## Your assignment
Repeat exactly the lines that run from the one containing "ベージュ系のスラックス、ベー" to the end of the data, and leave out all others.
********************
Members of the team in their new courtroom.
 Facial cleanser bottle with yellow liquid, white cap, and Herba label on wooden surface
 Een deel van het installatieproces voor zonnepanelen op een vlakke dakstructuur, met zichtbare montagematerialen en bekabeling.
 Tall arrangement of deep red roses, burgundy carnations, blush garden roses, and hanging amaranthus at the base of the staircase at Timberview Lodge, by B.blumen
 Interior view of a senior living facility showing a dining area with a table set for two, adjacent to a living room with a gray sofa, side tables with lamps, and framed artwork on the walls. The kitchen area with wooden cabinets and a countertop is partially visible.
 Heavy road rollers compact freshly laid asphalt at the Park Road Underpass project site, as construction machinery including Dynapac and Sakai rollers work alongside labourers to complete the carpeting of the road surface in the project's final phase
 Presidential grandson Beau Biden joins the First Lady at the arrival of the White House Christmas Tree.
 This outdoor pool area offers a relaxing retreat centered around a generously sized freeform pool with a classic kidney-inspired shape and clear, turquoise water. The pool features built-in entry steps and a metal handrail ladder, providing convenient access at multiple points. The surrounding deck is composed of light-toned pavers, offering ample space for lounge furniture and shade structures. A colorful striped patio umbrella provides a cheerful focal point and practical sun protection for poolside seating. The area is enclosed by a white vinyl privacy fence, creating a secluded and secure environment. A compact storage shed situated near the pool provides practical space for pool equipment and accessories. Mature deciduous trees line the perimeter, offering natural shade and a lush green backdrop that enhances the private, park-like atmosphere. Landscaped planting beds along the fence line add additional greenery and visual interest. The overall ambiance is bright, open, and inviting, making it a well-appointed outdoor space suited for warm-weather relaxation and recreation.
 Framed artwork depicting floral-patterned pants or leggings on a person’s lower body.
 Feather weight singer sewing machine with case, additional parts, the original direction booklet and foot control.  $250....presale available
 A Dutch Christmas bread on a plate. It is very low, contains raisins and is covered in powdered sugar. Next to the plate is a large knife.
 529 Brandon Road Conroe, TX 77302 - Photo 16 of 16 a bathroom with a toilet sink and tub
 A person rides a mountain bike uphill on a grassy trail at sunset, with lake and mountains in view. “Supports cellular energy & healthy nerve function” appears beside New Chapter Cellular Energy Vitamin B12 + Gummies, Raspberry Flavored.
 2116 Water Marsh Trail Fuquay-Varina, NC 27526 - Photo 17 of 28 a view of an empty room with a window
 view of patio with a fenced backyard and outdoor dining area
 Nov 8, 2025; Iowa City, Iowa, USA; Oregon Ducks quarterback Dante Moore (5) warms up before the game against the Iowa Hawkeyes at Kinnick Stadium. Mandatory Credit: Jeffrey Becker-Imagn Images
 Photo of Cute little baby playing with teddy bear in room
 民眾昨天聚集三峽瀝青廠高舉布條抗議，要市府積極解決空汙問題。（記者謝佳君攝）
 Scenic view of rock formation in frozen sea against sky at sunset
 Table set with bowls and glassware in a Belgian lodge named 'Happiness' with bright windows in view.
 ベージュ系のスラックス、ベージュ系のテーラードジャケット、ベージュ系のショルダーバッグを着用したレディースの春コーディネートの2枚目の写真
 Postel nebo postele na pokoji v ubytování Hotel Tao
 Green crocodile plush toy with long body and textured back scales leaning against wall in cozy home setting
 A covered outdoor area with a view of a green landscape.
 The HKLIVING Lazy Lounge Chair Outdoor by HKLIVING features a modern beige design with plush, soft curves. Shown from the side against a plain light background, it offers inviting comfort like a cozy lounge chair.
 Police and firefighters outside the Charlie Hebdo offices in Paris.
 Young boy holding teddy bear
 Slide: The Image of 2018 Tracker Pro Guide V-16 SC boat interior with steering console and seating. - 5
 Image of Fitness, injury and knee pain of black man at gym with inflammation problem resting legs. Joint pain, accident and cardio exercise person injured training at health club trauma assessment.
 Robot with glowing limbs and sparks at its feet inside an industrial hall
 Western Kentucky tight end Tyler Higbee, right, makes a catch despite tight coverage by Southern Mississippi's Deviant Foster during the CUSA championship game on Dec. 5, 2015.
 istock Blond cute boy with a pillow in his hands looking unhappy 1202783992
********************
## Response below
 ベージュ系のスラックス、ベージュ系のテーラードジャケット、ベージュ系のショルダーバッグを着用したレディースの春コーディネートの2枚目の写真
 Postel nebo postele na pokoji v ubytování Hotel Tao
 Green crocodile plush toy with long body and textured back scales leaning against wall in cozy home setting
 A covered outdoor area with a view of a green landscape.
 The HKLIVING Lazy Lounge Chair Outdoor by HKLIVING features a modern beige design with plush, soft curves. Shown from the side against a plain light background, it offers inviting comfort like a cozy lounge chair.
 Police and firefighters outside the Charlie Hebdo offices in Paris.
 Young boy holding teddy bear
 Slide: The Image of 2018 Tracker Pro Guide V-16 SC boat interior with steering console and seating. - 5
 Image of Fitness, injury and knee pain of black man at gym with inflammation problem resting legs. Joint pain, accident and cardio exercise person injured training at health club trauma assessment.
 Robot with glowing limbs and sparks at its feet inside an industrial hall
 Western Kentucky tight end Tyler Higbee, right, makes a catch despite tight coverage by Southern Mississippi's Deviant Foster during the CUSA championship game on Dec. 5, 2015.
 istock Blond cute boy with a pillow in his hands looking unhappy 1202783992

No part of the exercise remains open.